Search code examples
scalaapache-sparkapache-spark-sql

Duplicate each row on DataFrame based on an input Value


I'm beginner in Spark Scala. I want to duplicate each row in my DataFrame based on an input value.

My Input Dataset is something liks this

+------------+---------------------+---------------------+
|id          |currency             |value                |
+------------+---------------------+---------------------+
|1           |USD                  |10                   |
|1           |EUR                  |20                   |
|2           |USD                  |30                   |
|2           |EUR                  |40                   |
+------------+---------------------+---------------------+

And my Input Value is a Sequence. for example Seq("JPY").
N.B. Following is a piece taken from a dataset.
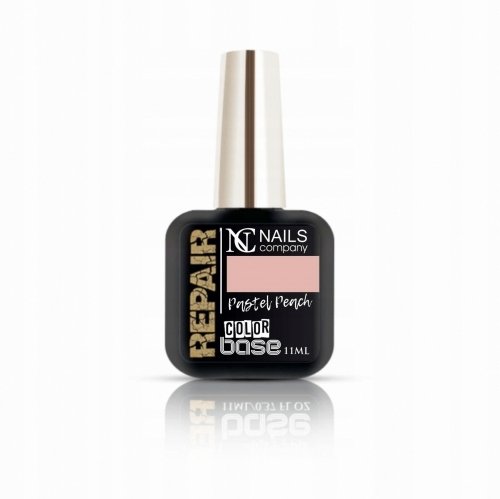 NC Nails, Baza Repair Base, Pastel Peach, 6ml NC Nails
I want an output like this:

+------------+---------------------+---------------------+
|id          |currency             |value                |
+------------+---------------------+---------------------+
|1           |USD                  |10                   |
|1           |EUR                  |20                   |

|2           |USD                  |30                   |
|2           |EUR                  |40                   |

|1           |JPY                  |10                   |
|1           |JPY                  |20                   |

|2           |JPY                  |30                   |
|2           |JPY                  |40                   |
+------------+---------------------+---------------------+

Could someOne please guide me how to solve this.


Solution

  • You can append seq and then use explode and union with original df

    import org.apache.spark.sql.functions._
    
    val inputData = Seq((1, "USD", 10), (1, "EUR", 20), (2, "USD", 30), (2, "EUR", 40))
    val inputSeq = Seq("JPY")
    
    val originalDf = inputData.toDF("id", "currency", "value")
    val originalDfWithSequence = originalDf.withColumn("currencies_seq", typedLit(inputSeq))
    val originalDfExploded = originalDfWithSequence.select(col("id"), explode(col("currencies_seq")).alias("currency"), col("value") )
    originalDf.union(originalDfExploded).show()
    

    Outpus is:

    +---+--------+-----+
    | id|currency|value|
    +---+--------+-----+
    |  1|     USD|   10|
    |  1|     EUR|   20|
    |  2|     USD|   30|
    |  2|     EUR|   40|
    |  1|     JPY|   10|
    |  1|     JPY|   20|
    |  2|     JPY|   30|
    |  2|     JPY|   40|
    +---+--------+-----+